Ausgabe 05 - 2003 berliner stadtzeitung
scheinschlag
 

Kunst braucht keine Sanierung

Neue Ausstellungsräume im Pfefferberg

„Im Jahr 2003 wird der Ausbau des Pfefferbergs zu einem Zentrum für Kunst und Kultur beendet sein", so verspricht es zumindest die wohl nicht mehr ganz so aktuelle Internetseite des ehemaligen Brauereigeländes. Daß sich an diesem Ort bereits ein solches Zentrum befindet, war damit sicherlich nicht gemeint. Denn von den Sanierungsmaßnahmen, die damit einhergehen sollten, ist nichts zu sehen – statt Hotel mit Tiefgarage finden sich hier nur heruntergekommene Gebäudeteile. Ein idealer Ort also für Galerien, die mit Kunst die Mieten für einen sanierten Altbaukomplex kaum bezahlen könnten.

Und so entdecken immer mehr Kunstmacher den Pfefferberg für ihre Ausstellungen. Unter dem Titel Flügge 03 zeigten die Absolventen des Studiengangs Industrial Design der UdK im Haus 2 ihre Abschlußarbeiten während des „Designmai". Und im Haus 4 eröffnete die Galerie Engler & Piper einen neuen Ausstellungsraum. „Unsere eigenen Räume in der Kastanienallee reichten nicht aus für den Wandfries von Samuel Wiesemann", erklärt Andreas Engler. So machte man sich auf die Suche nach größeren Räumlichkeiten, und sobald diese gefunden waren, beschloß man, sie auch weiterhin zu nutzen.

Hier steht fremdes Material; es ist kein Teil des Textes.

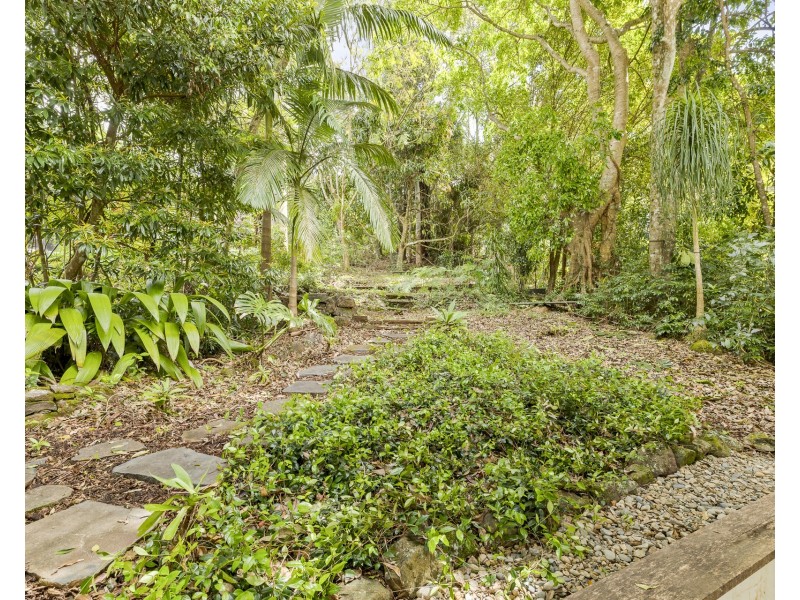 16 Palm Tree Crescent, Bangalow NSW 2479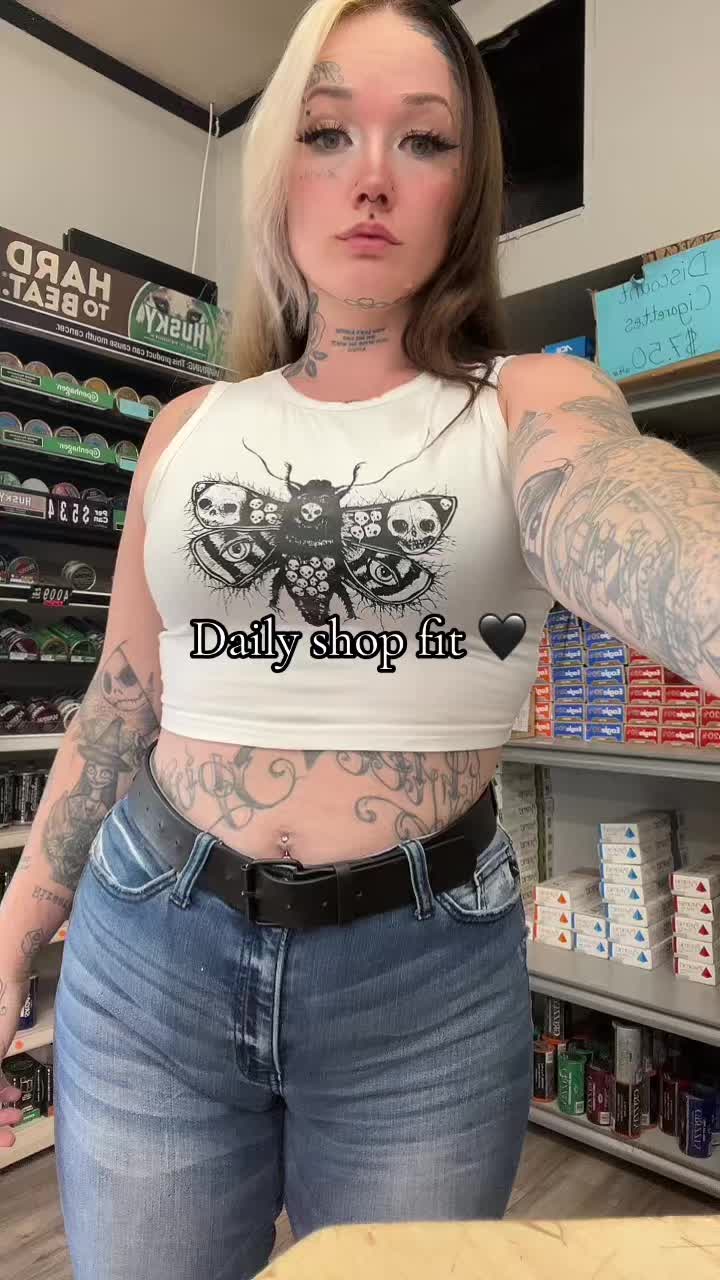 @Chloe_lynn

Samuel Wiesemanns Wandfries besteht aus acht großformatigen Gemälden und trägt den Titel „happy worker – funny girl". Als Vorlagen benutzte er private Fotografien von Freunden und Bekannten, die er stark überzeichnet ins Malerische übersetzte und somit umdeutete. Das Ergebnis sind Darstellungen alltäglicher Begebenheiten, die nicht mehr an die tatsächlich dargestellten Personen geknüpft sind, sondern allgemein Menschentypen zeigen: junge Eltern, Menschen bei der Arbeit und während typischer Momente in Küche oder Bad. Die Arbeiten orientieren sich stark an traditionellen Mustern und sind mit angemischter Eitempera auf Leinwand gemalt.

Haus 4 ist ein ehemaliger Pferdestall, der für die Ausstellung hergerichtet wurde und in dessen Mitte der Wandfries hängt. Zur Eröffnung erschienen die leicht nervösen Galeristen in Anzügen und spendierten Absinth, während der Künstler selbst kochte: Es gab leckeres Gulasch, und Wiesemann las zum Verzehr Gedichte. Die Resonanz war relativ groß, so daß sich auch die Bar lohnte, die zusätzlich Wein und Bier anbot. Neben der ausgestellten Kunst stimmte also auch das Ambiente. Berlin kann sich freuen, daß es solche Orte noch gibt.

Die Galeristen wollen diese Möglichkeit deshalb weiterhin neben ihren Stammräumen nutzen und auch künftig Ausstellungen organisieren. Somit ist im Juni in der Galerie Die Welt in Stücken zu sehen, Keramiken von Frank Sanderink, während das Haus 4 unter dem Namen „Projekte" weiterläuft und ab dem 6. Juni die nächste dreiwöchige Ausstellung, Viel Grün um Nichts, zeigt, bei der elf internationale Künstler sich mit der Wahrnehmung von Natur auseinandersetzen.

Zunächst können die Räume noch bis August gemietet werden, dann droht das vorzeitige Aus für die neue Galerie, denn der Vermieter möchte mit den ersten vorläufigen Sanierungsarbeiten beginnen. Das hätte zur Folge, daß die Mieten nicht mehr bezahlbar wären. „Wir sind ein gemeinnütziger Verein, der dem Kiez eine eigene Kunsthalle, ein Forum für junge Künstler bieten möchte", erklärt Edmund Piper, „die Sanierung würde einzig und allein den höheren Mieteinnahmen dienen."